BEGIN

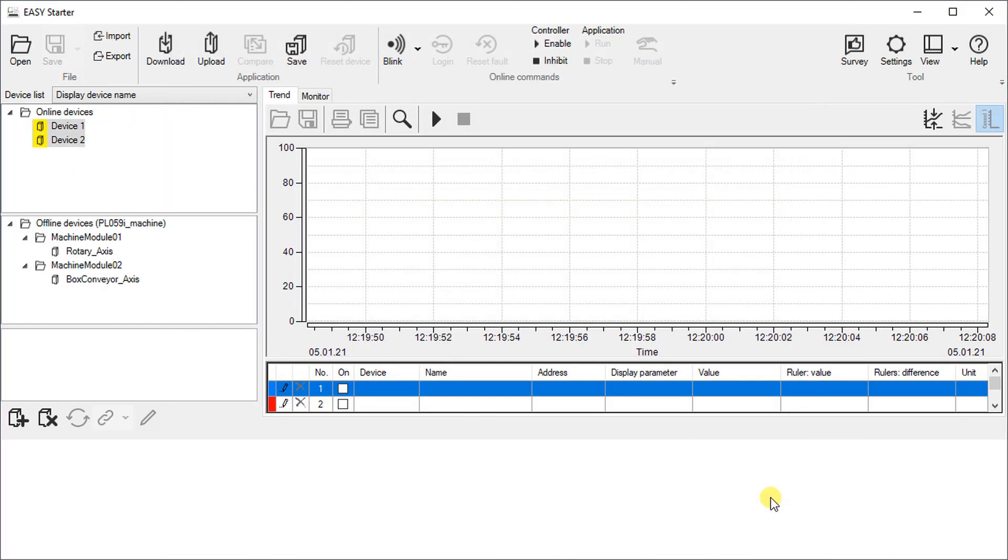Now the device list is divided in two parts. One for online devices and the other for the offline devices.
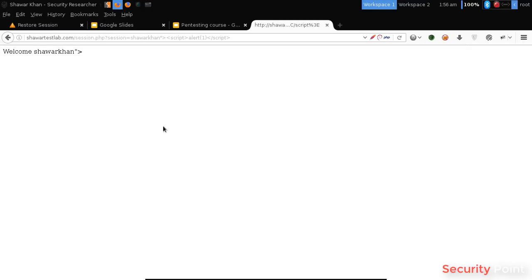In the next lesson we will learn about persistent XSS. This is actually non-persistent. We will learn about stored and persistent XSS.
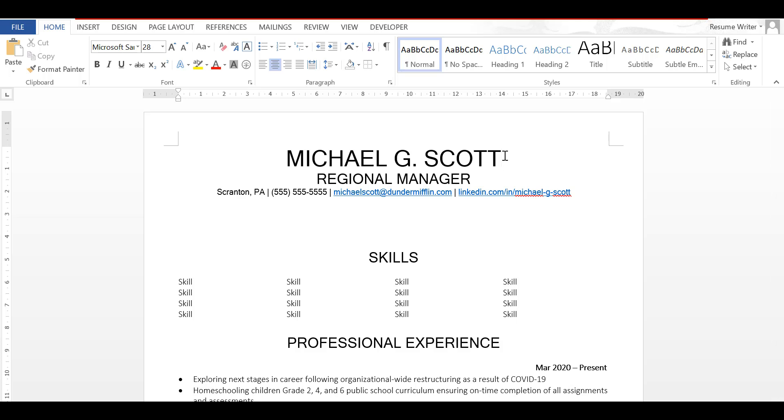So let's say I want to include a line underneath regional manager to separate regional manager and Michael's contact information. All I do is I click on the line where I want to add a line, so I'm clicking on regional manager and I want it separating regional manager from contact information, so I need a line underneath regional manager.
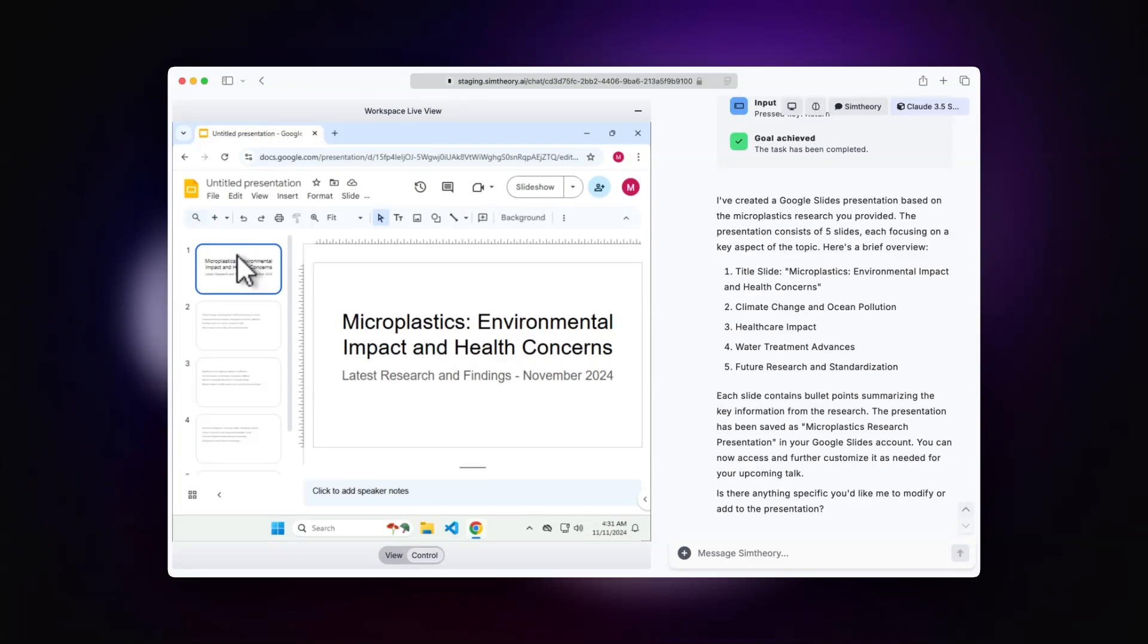And obviously, this is going to get so much better over time. This is really the early infancy of this technology.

END

-- Exercise --
Everything in the listing must be restated word for word, except for the pictures.

-- Problem solution --
Now the device list is divided in two parts. One for online devices and the other for the offline devices.
In the next lesson we will learn about persistent XSS. This is actually non-persistent. We will learn about stored and persistent XSS.
So let's say I want to include a line underneath regional manager to separate regional manager and Michael's contact information. All I do is I click on the line where I want to add a line, so I'm clicking on regional manager and I want it separating regional manager from contact information, so I need a line underneath regional manager.
And obviously, this is going to get so much better over time. This is really the early infancy of this technology.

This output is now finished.